Member of the National Assembly of Pakistan
- Incumbent
- Assumed office 29 February 2024
- Constituency: NA-13 Battagram
- In office 13 August 2018 – 10 August 2023
- Constituency: NA-12 (Battagram)
- In office 2008–2013
- Constituency: NA-22 (Battagram)

Personal details
- Party: PTI (2018-present)
- Other political affiliations: PML(Q) (2008-2013)

= Muhammad Nawaz Khan Allai =

Pakistani politician

Muhammad Nawaz Khan Swati is a current royal Chief of Allai, Pakistani politician and current member of the National Assembly of Pakistan, since 2024 representing NA-13 Battagram. Previously he was a member of the National Assembly from 2008 to 2013 and 2018 to 2023. He is the son of famous Nawab of Allai State, Ayub Khan Allai from Swati tribe. Prince reelected in 2024 election as pti candidate from NA 13 Battagram and defeated Qari Muhammad Yousaf of JUI.

==Political career==
He won his first election in 1997 Pakistani General Elections and was elected to National Assembly of Pakistan from Constituency Mansehra III which is now Battagram.

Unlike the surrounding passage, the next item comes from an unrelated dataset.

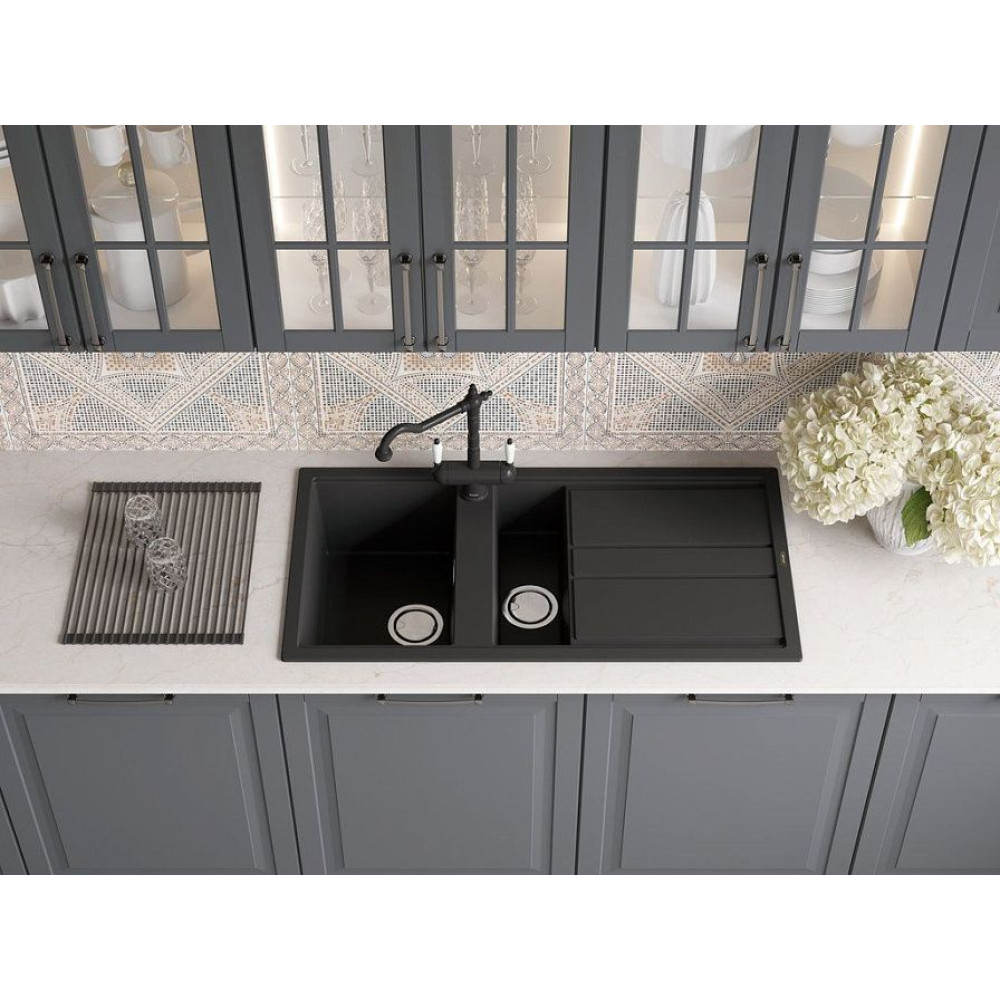 Мойка Kitagawa 100-2-WG Artceramic/wind green(арт.4993252)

He ran for the seat of the National Assembly of Pakistan from Constituency NA-22 (Battagram) as a candidate of Pakistan Muslim League (Q) (PML-Q) in the 2002 Pakistani general election but was unsuccessful. He received 10,875 votes and lost the seat to Qari Muhammad Yousuf.

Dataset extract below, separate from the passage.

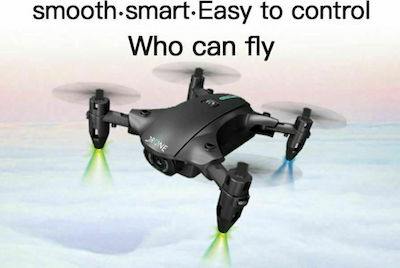 H2 Mini Drone Дрон FPV с 4K Камера и Дистанционно, Съвместим смартфон POA7982112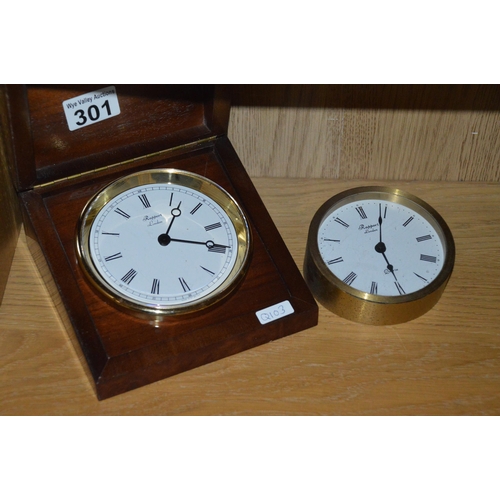 301 - 2 rapport clocks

He was elected to the National Assembly from Constituency NA-22 (Battagram) as a candidate of PML-Q in the 2008 Pakistani general election. He received 22,316 votes and defeated Qari Muhammad Yousuf.

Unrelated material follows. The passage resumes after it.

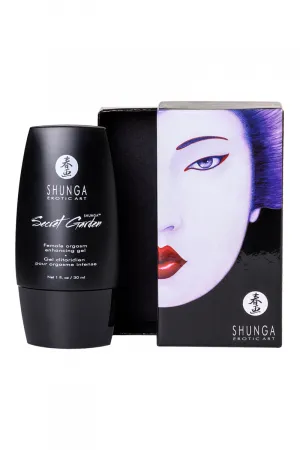 Возбуждающий крем для женщин Shunga Secret Garden, 30 мл — купить в Алматы 3
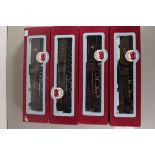 Group of four Dapol boxed locomotives to include "Dorchester Castle" No 4090, "County of Stafford"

He ran for the seat of the National Assembly from Constituency NA-22 (Battagram) as an independent candidate in the 2013 Pakistani general election but was unsuccessful. He received 53 votes and lost the seat to Qari Muhammad Yousuf.

He was re-elected to the National Assembly as a candidate of Pakistan Tehreek-e-Insaf (PTI) from Constituency NA-12 (Battagram) in the 2018 Pakistani general election. He received 34,270 votes and defeated Qari Muhammad Yousuf.
Prince again elected in 2024 general election as PTI candidate from NA 13 Battagram and received 32,000 votes and defeated Qari Yousaf of JUI.